What is it good for?

How can I use it?

You can access most of the features of the API at the URL api.datamuse.com/words, with the query parameters described below. An additional endpoint, api.datamuse.com/sug, is useful as a backend for an autocomplete function on search input fields. This is a strictly read-only service and an API token is not required. The service supports both HTTP and HTTPS requests.

/words endpoint

This endpoint returns a list of words (and multiword expressions) from a given vocabulary that match a given set of constraints.

In the table below, the first four parameters (rd, sl, sp, rel_[code], and v) can be thought of as hard constraints on the result set, while the next three (topics, lc, and rc) can be thought of as context hints. The latter only impact the order in which results are returned. All parameters are optional.

Query parameters

ml Means like constraint: require that the results have a meaning related to this string value, which can be any word or sequence of words. (This is effectively the reverse dictionary feature of OneLook.)

sl Sounds like constraint: require that the results are pronounced similarly to this string of characters. (If the string of characters doesn't have a known pronunciation, the system will make its best guess using a text-to-phonemes algorithm.)

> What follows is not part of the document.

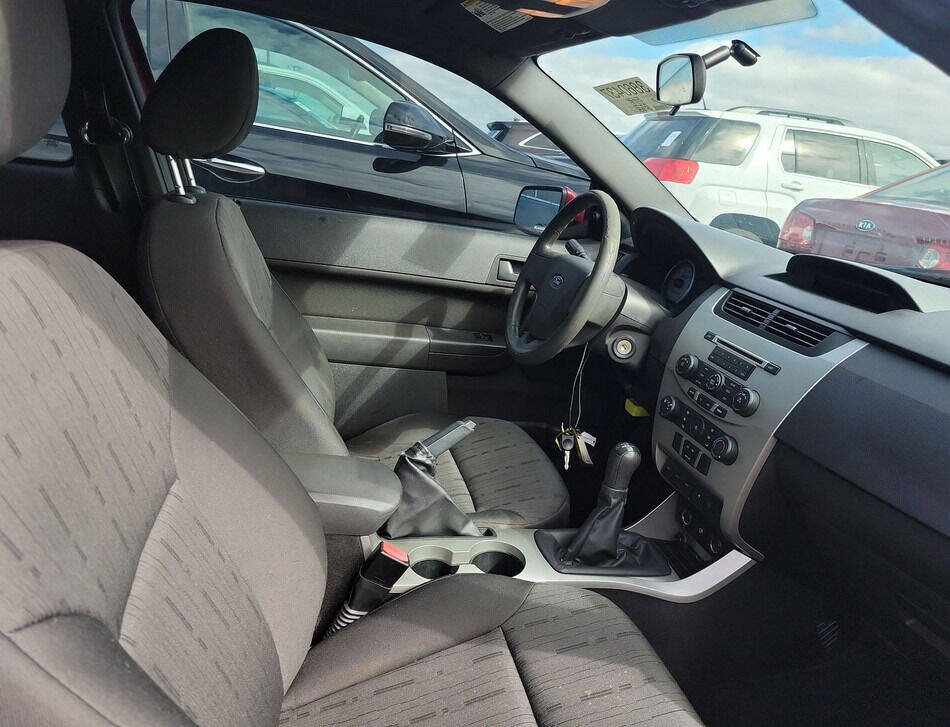 Used 2010 Ford Focus SE image 8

sp Spelled like constraint: require that the results are spelled similarly to this string of characters, or that they match this wildcard pattern. A pattern can include any combination of alphanumeric characters and the symbols described on that page. The most commonly used symbols are * (a placeholder for any number of characters) and ? (a placeholder for exactly one character). Please be sure that your parameters are properly URL encoded when you form your request.

rel_[code]

Related word constraints: require that the results, when paired with the word in this parameter, are in a predefined lexical relation indicated by [code]. Any number of these parameters may be specified any number of times. An assortment of semantic, phonetic, and corpus-statistics-based relations are available. At this time, these relations are available for English-language vocabularies only.

[code] is a three-letter identifier from the list below.

[code]	Description	Example
jja	Popular nouns modified by the given adjective, per Google Books Ngrams	gradual → increase
jjb	Popular adjectives used to modify the given noun, per Google Books Ngrams	beach → sandy
syn	Synonyms (words contained within the same WordNet synset)	ocean → sea
trg	"Triggers" (words that are statistically associated with the query word in the same piece of text.)	cow → milking
ant	Antonyms (per WordNet)	late → early
spc	"Kind of" (direct hypernyms, per WordNet)	gondola → boat
gen	"More general than" (direct hyponyms, per WordNet)	boat → gondola
com	"Comprises" (direct holonyms, per WordNet)	car → accelerator
par	"Part of" (direct meronyms, per WordNet)	trunk → tree
bga	Frequent followers (w′ such that P(w′\|w) ≥ 0.001, per Google Books Ngrams)	wreak → havoc
bgb	Frequent predecessors (w′ such that P(w\|w′) ≥ 0.001, per Google Books Ngrams)	havoc → wreak
hom	Homophones (sound-alike words)	course → coarse
cns	Consonant match	sample → simple

v Identifier for the vocabulary to use. If none is provided, a 550,000-term vocabulary of English words and multiword expressions is used. The value es specifies a 500,000-term vocabulary of words from Spanish-language books. Please contact us to set up a custom vocabulary for your application.

topics Topic words: An optional hint to the system about the theme of the document being written. Results will be skewed toward these topics. At most 5 words can be specified. Space or comma delimited. Nouns work best.

lc Left context: An optional hint to the system about the word that appears immediately to the left of the target word in a sentence. (At this time, only a single word may be specified.)

rc Right context: An optional hint to the system about the word that appears immediately to the right of the target word in a sentence. (At this time, only a single word may be specified.)

max Maximum number of results to return, not to exceed 1000. (default: 100)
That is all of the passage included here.